Use the derivative to find the size of an angle of a right triangle so that the radius of the circle inscribed is maximum; for a constant hypotenuse.

a) Express r in terms of angle x and the length of the hypotenuse h.

b) Assume that h is constant and x varies; find x for which r is maximum.

__Solution to Problem:__

- a) Let M, N and P be the points of tangency of the circle and the sides of the triangle.
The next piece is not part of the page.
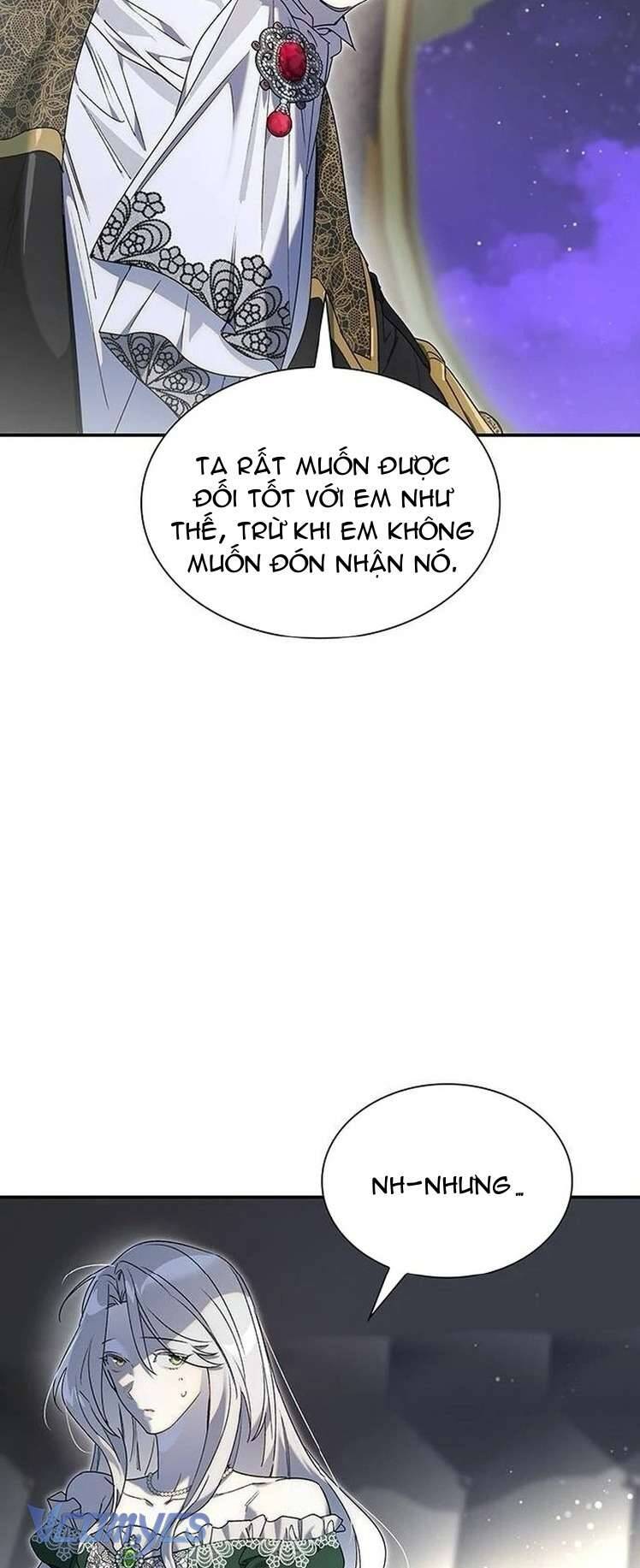 Cứ Cố Gắng Hết Sức Để Hối Hận Chap 15 - Next Chap 16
OM, ON and OP are perpendicular to CB, CA and AB respectively.

- Triangles COM and CON are rigth triangles and have two congruent sides: CO and OM and ON; the two triangles are therefore congruent. We denote the size of angle MCN by x and write

tan(x / 2) = r / CM

- Triangles BOM and BOP are rigth triangles and have two congruent sides: BO and OM and OP; the two triangles are therefore congruent. We denote the size of angle MBP by y and write

tan(y / 2) = r / BM

- Note that

y + x = 90 which gives y / 2 = 45 - x / 2

- Substitute y / 2 by 45 - x / 2 in the equation tan(y / 2) = r / BM to obtain

tan(45 - x / 2) = r / BM

- We now solve the equation tan(x / 2) = r / CM for CM

and solve equation tan(45 - x / 2) = r / BM for BM to obtain

CM = r / tan(x/2) and BM = r / tan(45 - x/2)

- We now use the fact that h = CM + BM to write the equation

h = r / tan(x/2) + r / tan(45 - x/2)

= r [ 1 / tan (x/2) + 1 / tan(45 - x/2) ]
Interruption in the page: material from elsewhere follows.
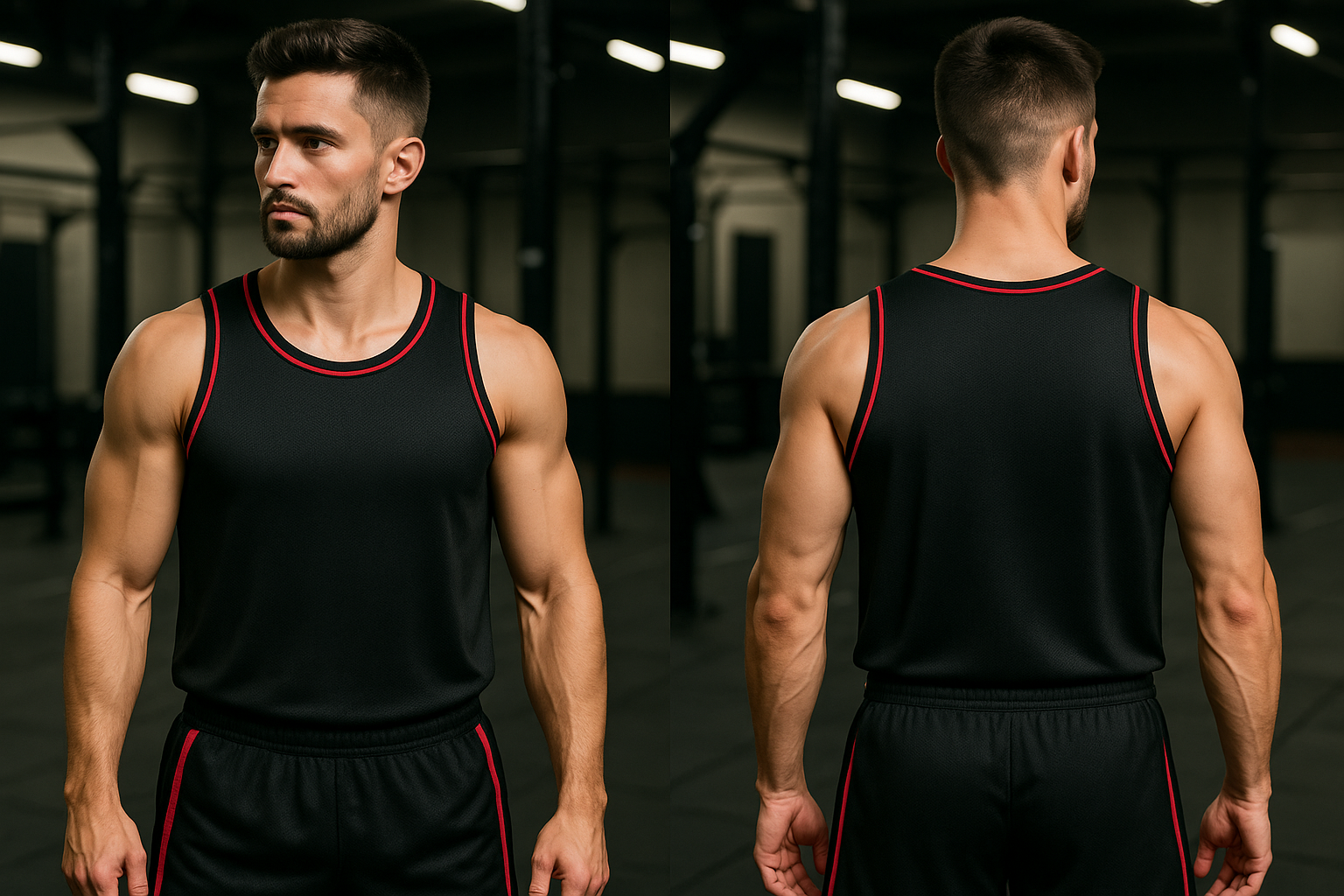 Custom Basketball Jerseys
- We now use trigonometric identities to simplify the above equation. The first identity we will use is

tan(45 - x/2) = ( tan(45) - tan(x/2) ) / ( 1 + tan(45)tan(x/2) )

= ( 1 - tan(x/2) ) / ( 1 + tan(x/2) )

- The formula for h is now given by

h = r [ 1 / tan (x/2) + (1 - tan(x/2)) / ( 1 + tan(x/2)) ]

- We now use the identity tan(x/2) = sin(x/2) / cos(x/2) and other identities to rewrite h as follows

h = r [ cos(x/2) / sin(x/2) + (cos(x/2) + sin(x/2)) / (cos(x/2) - sin(x/2)) ]

= r [ 1 / [ (sin(x/2) (cos(x/2) - sin(x/2)) ] ]

- We now solve the above equation for r to obtain

r = h sin(x/2) ( cos(x/2) - sin(x/2) ) = h ( sin(x/2) cos(x/2) - sin^{ 2}(x/2))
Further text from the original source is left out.